As Sal and I were heading home after a hard (but short) day cannibalizing our old boat, Wasabi, we came across a gaggle of tourists at the end of the road. There were six. Five were women ‘of a certain age’ (meaning 55+). One was quite attractive. Sal was already schlepping stuff along the trail to the new (to us) boat ,Pumpkin, and I was coming down from the parking lot when they politely engaged me in some tourist-meets-local chit chat. I’m usually good for a minute of charm-offensive (emphasis on the word offensive) and, as three of them were smiling a lot and regarding me as some kind of out-there, kinda-odd, hill-billy ‘character’, I was easily seduced. We chatted and had fun.
I think it was a somewhat unique encounter for them (and me) and it was actually flirting quite soon after the initial introductions and one woman was so attentive and animated that I found myself saying, “You should come out and stay one weekend. Then you’d learn more about this lifestyle.” (Yes, that was the attractive one.) Of course, it was all said with a smidge of insincere, but polite, tone of double entendre and they all giggled at the hinted prospect.
Well, okay, it may have been gagging and choking but they maintained their smiles so I choose to interpret their guttural sounds as giggles.
I mentioned that Sal was at the boat . . .right?

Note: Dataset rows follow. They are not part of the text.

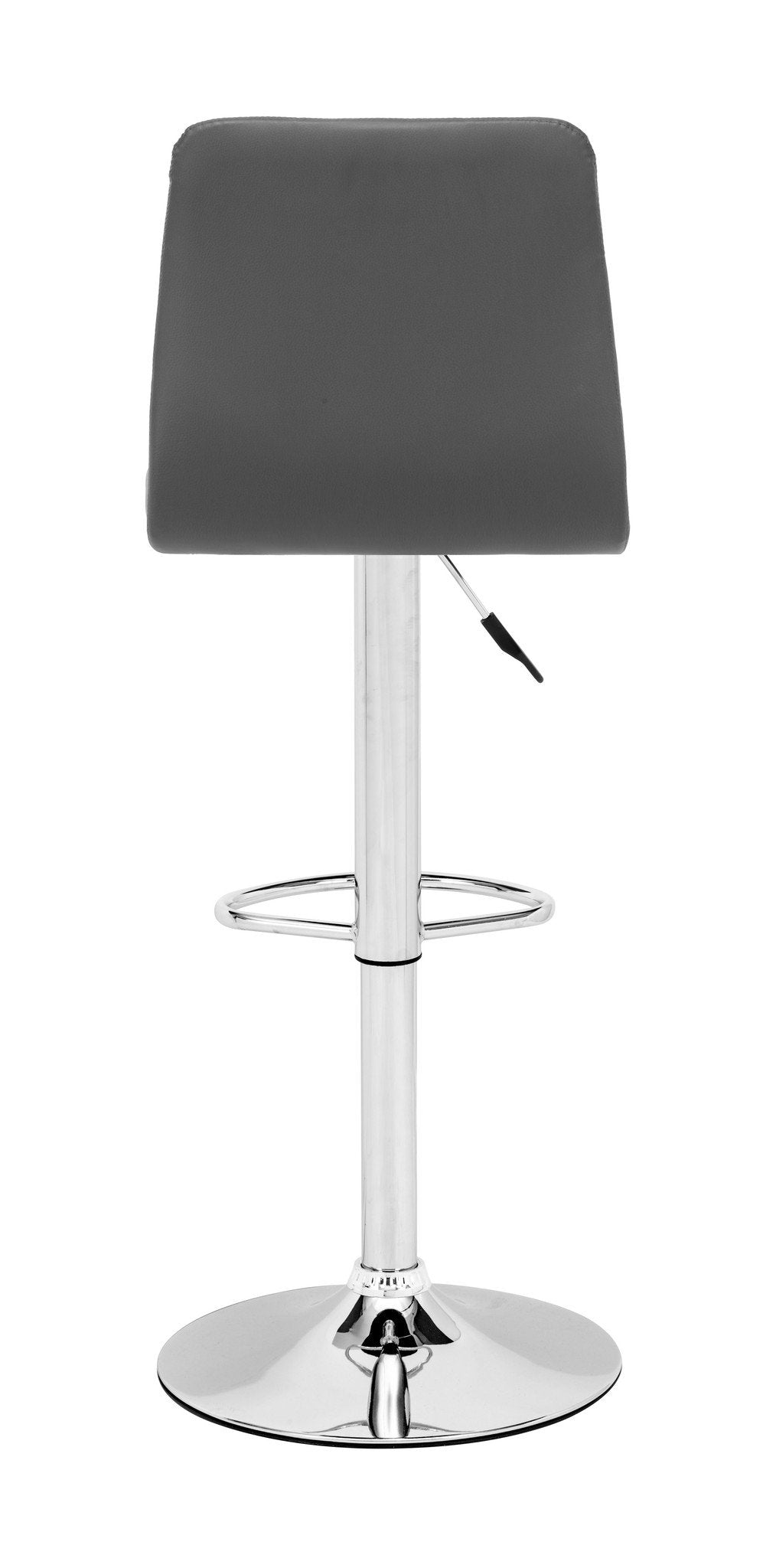 Zuo Oxygen Bar Chair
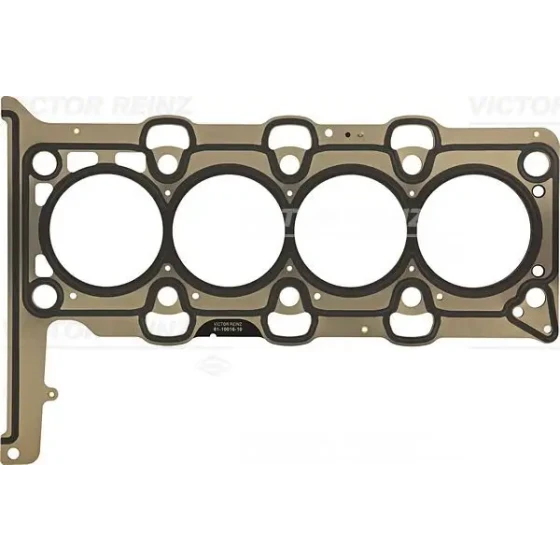 Victor Reinz Silindir Kapak Contası – 61-10016-10 / OEM 223112F100 ürün görseli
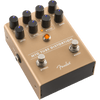Pedal Fender Guit Elec Mtg Dist/ Tubo 0234539000 - The Music Site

Anyway, like all cougar encounters, this one was brief, exciting and I was left breath-taken at the beauty of nature in the wild. I wish I’d had a camera.
My friend, D did. There she was . . . another attractive cougar…..just passing through on his side of the island. Not even so much as a real encounter. No flirting. No giggles. But he saw and experienced the beauty of the moment as well.